Bug #8145
closedRecurring deadlock during normal operation.
0%
Description
At seemingly random intervals during normal operation, intervals as long as several hours and as short as several minutes, pfsense experiences what appears to be a deadlock, though could be the crash of a component while it holds a network related lock.
When the apparent deadlock occurs:
acpi reboot signals do shut down many processes, but not all and the reboot does not happen.
the serial console functions until a network related command is given in a shell, then it stops accepting characters. For example,
[2.4.2-RELEASE.../root]: netstat -4nl
Active Internet connections
Proto Recv-Q Send-Q Local Address Foreign Address (state)

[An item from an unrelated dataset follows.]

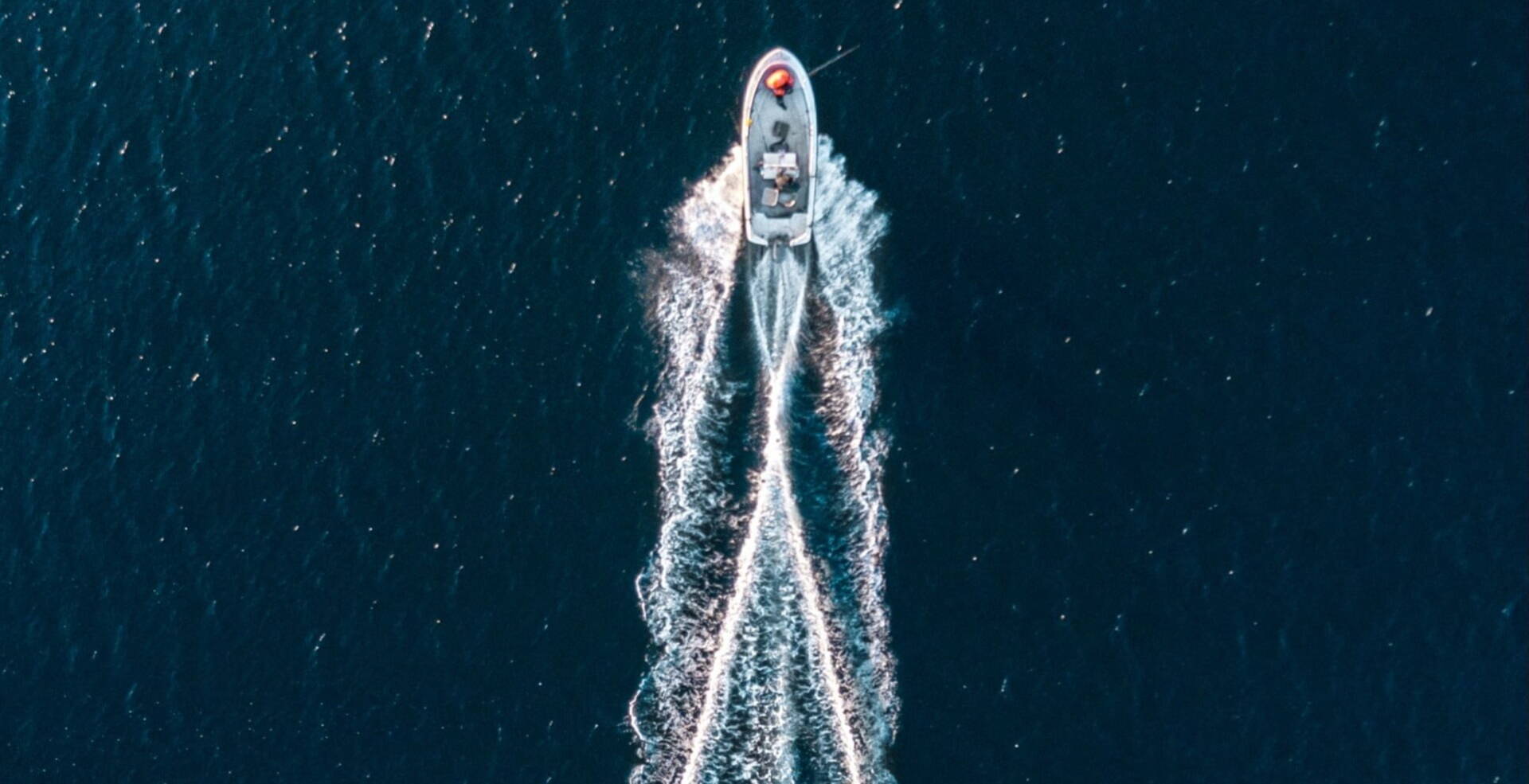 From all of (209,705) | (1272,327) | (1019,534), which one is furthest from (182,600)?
(1272,327)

tcp4 0 0 10.1.0.2.56695 10.1.0.3.520 SYN_SENT
tcp4 0 0 10.12.159.253.20853 10.12.159.252.520 SYN_SENT
tcp4 0 24 10.12.159.253.19066 10.12.159.252.520 FIN_WAIT_1
tcp4 0 36 10.1.0.2.5698 10.1.0.3.520 FIN_WAIT_1
udp4 0 0 10.12.159.254.41293 .*
udp4 0 0 173.29.66.105.41155 *.
udp4 0 0 10.1.0.1.123 .*
udp4 0 0 10.1.0.2.123 *.
udp4 0 0 127.0.0.1.123 .*
udp4 0 0 172.16.201.94.123 *.
udp4 0 0 172.29.22.254.123 .*
udp4 0 0 172.29.21.254.123 *.
udp4 0 0 10.12.159.254.123 .*
udp4 0 0 192.168.24.1.123 *.
udp4 0 0 192.168.23.254.123 .*
udp4 0 0 192.168.22.254.123 *.
udp4 0 0 192.168.23.252.123 .*
udp4 0 0 192.168.22.252.123 *.
udp4 0 0 192.168.29.1.123 .*
udp4 0 0 10.12.159.253.123 *.
udp4 0 0 127.0.0.1.6969 .*
udp4 16640 0 173.29.66.105.24048 *.
<no further characters appear, the serial console is locked at this point. ^C has no effect. >
The acpi shutdown signal results in no further serial console activity, on the vga screen nothing appears. However, in the vm running pfsense there is occasional periodic processor activity, maybe a 15% bump lasting 1 sec every 20 sec or so.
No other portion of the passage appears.